Le séjour de madame de Sévigné en Provence avait duré quatorze mois. Ce temps fut pour elle marqué par des jouissances de tous les jours et de tous les moments. Objet des constantes sollicitudes de madame de Grignan, elle avait promptement contracté l'habitude de la voir, de lui parler, de l'écouter, d'être sans cesse occupée d'elle. Ce n'était donc pas sans des déchirements de cœur qu'elle s'arrachait forcément aux douceurs de ce genre de vie. Diverses causes contribuaient à rendre cette nécessité plus cruelle. En même temps que, parcourant la route de Montélimar, elle s'éloignait de sa fille, sa fille s'éloignait d'elle, et prenait le chemin de Salons pour se rendre chez l'archevêque d'Arles. Quoique ce court trajet accrût imperceptiblement la distance qui devait toutes deux les séparer, néanmoins il ajoutait encore au trouble violent que cette séparation avait produit dans l'âme de madame de Sévigné. Elle avait espéré ramener sa fille avec elle; mais de puissants motifs s'y opposaient. L'assemblée des communautés de Provence devait avoir lieu en décembre, et ne pouvait se terminer qu'au milieu de janvier. Madame de Grignan se trouvait par là forcée de différer de trois mois le voyage qu'elle avait promis de faire à Paris1. Obligée de se rendre à de si bonnes raisons, madame de Sévigné trouvait dans la promesse même que sa fille lui avait faite un sujet de peine et d'inquiétude. La route de Montélimar à Lyon, qu'elle parcourait, était horriblement abîmée et dans plusieurs endroits entièrement défoncée. Ce n'était pas sans effroi qu'elle songeait que dans trois mois sa fille, au milieu de l'hiver, aurait, pour venir la rejoindre, à parcourir cette même route, devenue plus dangereuse encore par des dégradations successives. Ses lettres nous montrent avec quelle scrupuleuse attention elle observait l'état des chemins et quel soin elle mettait à indiquer à madame de Grignan les parties détériorées où, selon elle, on devait descendre de voiture et se faire porter en litière, «sous peine de la vie2.»

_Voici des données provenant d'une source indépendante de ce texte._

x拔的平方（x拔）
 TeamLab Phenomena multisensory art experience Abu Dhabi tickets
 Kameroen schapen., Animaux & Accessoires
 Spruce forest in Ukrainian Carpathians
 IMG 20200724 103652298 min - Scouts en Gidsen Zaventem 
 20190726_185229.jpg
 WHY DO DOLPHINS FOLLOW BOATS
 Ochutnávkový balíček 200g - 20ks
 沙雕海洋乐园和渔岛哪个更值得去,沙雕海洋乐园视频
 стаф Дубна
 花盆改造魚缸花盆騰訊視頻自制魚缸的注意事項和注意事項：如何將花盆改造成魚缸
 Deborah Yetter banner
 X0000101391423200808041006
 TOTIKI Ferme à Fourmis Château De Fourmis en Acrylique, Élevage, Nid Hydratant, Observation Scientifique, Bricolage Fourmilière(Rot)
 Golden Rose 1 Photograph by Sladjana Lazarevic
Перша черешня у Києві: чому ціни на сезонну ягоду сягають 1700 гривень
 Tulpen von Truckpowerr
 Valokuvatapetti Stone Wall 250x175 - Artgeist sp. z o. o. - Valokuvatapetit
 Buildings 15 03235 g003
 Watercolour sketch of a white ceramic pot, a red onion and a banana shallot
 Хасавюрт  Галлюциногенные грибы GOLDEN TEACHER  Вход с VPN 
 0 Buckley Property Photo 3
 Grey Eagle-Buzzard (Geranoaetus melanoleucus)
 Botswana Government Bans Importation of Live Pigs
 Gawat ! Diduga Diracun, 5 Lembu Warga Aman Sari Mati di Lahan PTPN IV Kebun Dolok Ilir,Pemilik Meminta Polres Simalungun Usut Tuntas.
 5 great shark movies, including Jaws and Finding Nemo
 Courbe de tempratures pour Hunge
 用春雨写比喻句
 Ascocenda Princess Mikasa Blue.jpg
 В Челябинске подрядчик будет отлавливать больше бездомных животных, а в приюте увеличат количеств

Entre deux personnes qui s'aiment il y a dans les entretiens familiers et confidentiels un échange sympathique de sentiments et d'idées qui ne peut être suppléé par la correspondance la plus assidue. La voix, le geste, les yeux, les traits du visage manifestent nos sensations, nos désirs, nos inclinations, notre trouble, nos espérances, les subites inspirations de notre esprit, les éclairs capricieux de notre imagination mieux que ne peuvent le faire les mots les mieux arrangés, les plus expressifs, tracés sur un froid papier. C'est ce que madame de Sévigné ressentait amèrement lorsque de Montélimar elle écrivait: «Hélas! nous revoilà dans les lettres.» Et cependant le temps qu'elle avait passé en Provence, au milieu de la famille des Grignan, lui donnait, pour sa correspondance, plus de moyens de remédier aux inconvénients de l'absence. Elle pouvait désormais apprécier les changements que le temps, une nouvelle situation avaient opérés dans l'esprit, les opinions, les goûts et les habitudes de madame de Grignan. Elle connaissait le monde avec lequel vivait sa fille, ses occupations de chaque jour, la distribution de ses heures, les qualités et les défauts de ceux qui étaient placés sous sa dépendance, les causes de ses tracas domestiques, toutes les misères, toutes les nuances si variables de l'existence, tous ces riens qu'on méprise et que pourtant on ressent si vivement, qu'on redoute ou qu'on dédaigne d'écrire, mais qu'à tout moment on voudrait confier à ceux qui s'intéressent à notre bonheur. Madame de Sévigné savait et prévoyait toutes les tribulations auxquelles sa fille était exposée; elle pouvait donc se faire comprendre d'elle à demi-mot, deviner ses désirs et pénétrer plus avant dans les replis de son cœur. Il lui devenait plus facile de lui être agréable par ses lettres, écrites avec plus de confiance, de facilité et d'abandon. Aussi lui dit-elle peu de jours après l'avoir quittée: «Je suis toute pétrie des Grignan, je tiens partout… Hélas! ma fille, j'ai apporté toute la Provence et toutes vos affaires avec moi3. Je vous vois, je vous suis pas à pas; je vois entrer, je vois sortir; je vois quelques-unes de vos pensées4.» Et le temps ne faisait qu'ajouter encore à l'effet des souvenirs de son séjour à Grignan; mais après elle y revient. «Il est vrai, dit-elle, que le voyage de Provence m'a plus attachée à vous que je n'étais encore. Je ne vous avais jamais tant vue, et je n'avais jamais tant joui de votre esprit et de votre cœur5.»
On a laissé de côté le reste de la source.